Advanced deploys (Blue/green, Canary, Traffic vectoring)
Description
Today, GitLab CI believes that deploys are binary, all-or-nothing affairs. But some teams use blue/green deploys, canary deploys, and traffic vectoring to reduce risk during deploys. This can actually take many shapes as people interpret the idea differently to suit their needs.
Blue/green deploys Create two (nearly) identical environments, arbitrarily called blue and green. One isn't better than the other, just separate.
With all traffic going to green, load new code onto blue, get it ready, and then switch the router to suddenly, as quickly as possible, send all new traffic to blue.
Canary deploys, incremental rollouts, traffic vectoring Similar to blue/green deploys, you have a new version of code running at the same time as old code, but instead of cutting over 100% in one moment, you send a portion of traffic to the new version. This can be done in several ways:
- Given X instances/containers, load the new code on a portion of the instances/containers.

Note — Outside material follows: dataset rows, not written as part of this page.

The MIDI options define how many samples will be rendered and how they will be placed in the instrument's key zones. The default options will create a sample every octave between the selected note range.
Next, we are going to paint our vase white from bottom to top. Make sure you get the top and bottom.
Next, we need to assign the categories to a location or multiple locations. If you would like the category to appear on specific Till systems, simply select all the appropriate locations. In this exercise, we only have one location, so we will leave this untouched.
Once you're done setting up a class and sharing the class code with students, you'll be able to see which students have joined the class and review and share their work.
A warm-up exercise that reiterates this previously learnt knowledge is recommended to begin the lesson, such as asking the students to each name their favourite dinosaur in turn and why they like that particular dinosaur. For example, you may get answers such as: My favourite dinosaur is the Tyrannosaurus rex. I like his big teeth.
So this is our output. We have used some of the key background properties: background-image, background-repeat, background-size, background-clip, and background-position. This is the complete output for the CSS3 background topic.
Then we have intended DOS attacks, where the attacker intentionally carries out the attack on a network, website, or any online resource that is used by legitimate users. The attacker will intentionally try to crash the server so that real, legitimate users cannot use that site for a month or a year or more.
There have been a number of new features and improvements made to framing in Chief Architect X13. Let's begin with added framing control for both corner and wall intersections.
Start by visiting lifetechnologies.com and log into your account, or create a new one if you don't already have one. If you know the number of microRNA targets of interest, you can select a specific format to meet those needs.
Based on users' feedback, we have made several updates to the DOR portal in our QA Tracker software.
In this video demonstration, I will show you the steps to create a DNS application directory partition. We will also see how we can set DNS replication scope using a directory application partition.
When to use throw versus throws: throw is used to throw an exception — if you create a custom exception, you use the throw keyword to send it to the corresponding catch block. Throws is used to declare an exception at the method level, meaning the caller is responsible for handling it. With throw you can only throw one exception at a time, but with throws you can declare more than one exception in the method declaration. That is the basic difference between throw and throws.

- or Set the router to send a percent of traffic to the new instances/containers running the new code (traffic ventoring).
The first is easier conceptually and fits well with Docker workflows where it's easy to destroy and create new containers running new images. The second is easier when you have stable instances, are willing to allocate double capacity, or when instance granularity is too large. e.g. if you only have 2 instances in production, the minimum granularity is 1 instance, which is 50% of your capacity. If you want only 10% of traffic to test the new changes, you could use a third instance and send 10% of the total traffic there.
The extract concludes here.